Hound’s Tree wines will be more contemporary, says Rosanelli, who is forever adding to his education. “I can’t think of the last time I read a book that wasn’t about wine,” he says, adding that the latest is on North American pinot noirs, which he intends to graft onto current vines in the spring. The idea is to use techniques from Apolloni Vineyards to make the pinot noir, which is known to be difficult to grow. “At the end of the day it’s not rocket science,” he says. “But it is nuanced.”
To try the new wines, go to the tasting room, or check out the website.

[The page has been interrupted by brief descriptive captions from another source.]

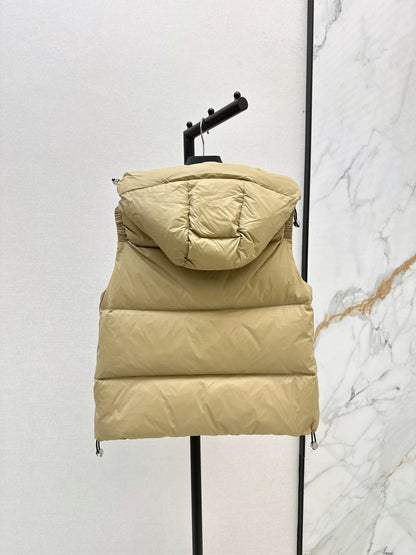P 25fw hooded turtleneck down vest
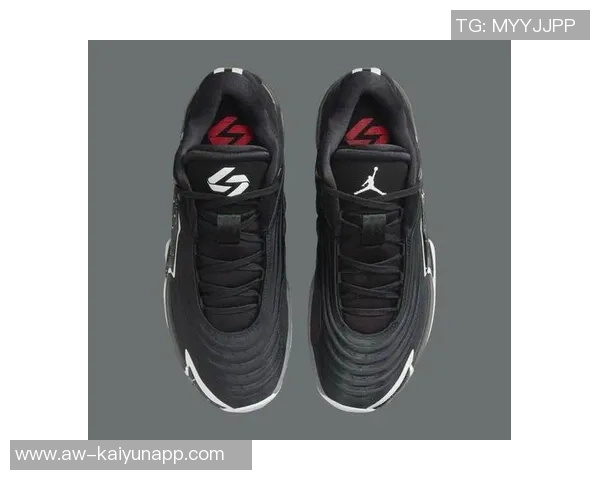 东契奇球鞋铭刻女儿名字感恩女儿是生命中最珍贵的礼物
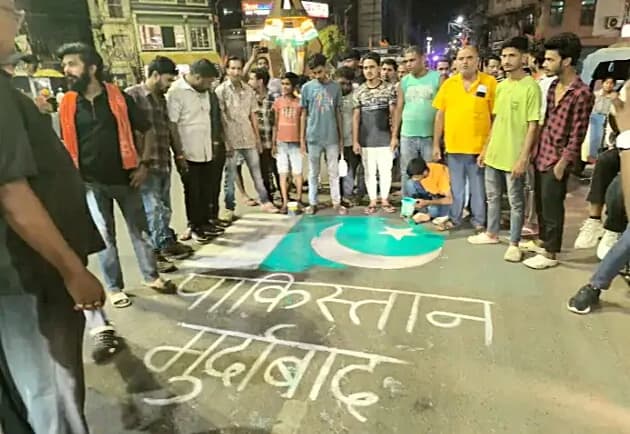 पहलगाम आतंकी हमले के विरोध में कटिहार में लोगों ने आक्रोश व्यक्त किया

There’s a merlot, cab franc and cabernet sauvignon, all 2015s and $28. The 2015 Estate Chardonnay is $24; the 2015 rosé is $22.
Hound’s Tree is another name for a dogwood tree, which is known for its hard, polishable wood. Rosanelli was charmed by the name.
He also learned a lot from the tasting of back vintages of Sherwood House at the dinner. “It’s an interesting perspective to have, when thinking about the winemaking going forward,” he says. To finish the meal guests were served a glass of the Sherwood House brandy and taste a Hound’s Tree Reserve blend from the barrel. This wine had followed two vintages of Sherwood Manor, their red blend, from 2008 and 2010. “These are wines you want to go back to,” said Martin as he poured them. “There’s quality, and the distinction of the specific flavors of the estate.”
Rosanelli nodded. “I’m ready to experiment,” he says. “Winemaking is a lot of trials, where we taste different techniques, yeasts, fermentations next to each other to see what’s best. But I like it; I’m experimentally minded.”